◆ **Work instruction**: Return the full listing, keeping every line exactly as it is.

◆ **Dataset extract**:
BEGIN

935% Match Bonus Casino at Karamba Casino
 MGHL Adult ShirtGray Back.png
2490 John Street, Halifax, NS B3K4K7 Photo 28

END

◆ **Reply**:
935% Match Bonus Casino at Karamba Casino
 MGHL Adult ShirtGray Back.png
2490 John Street, Halifax, NS B3K4K7 Photo 28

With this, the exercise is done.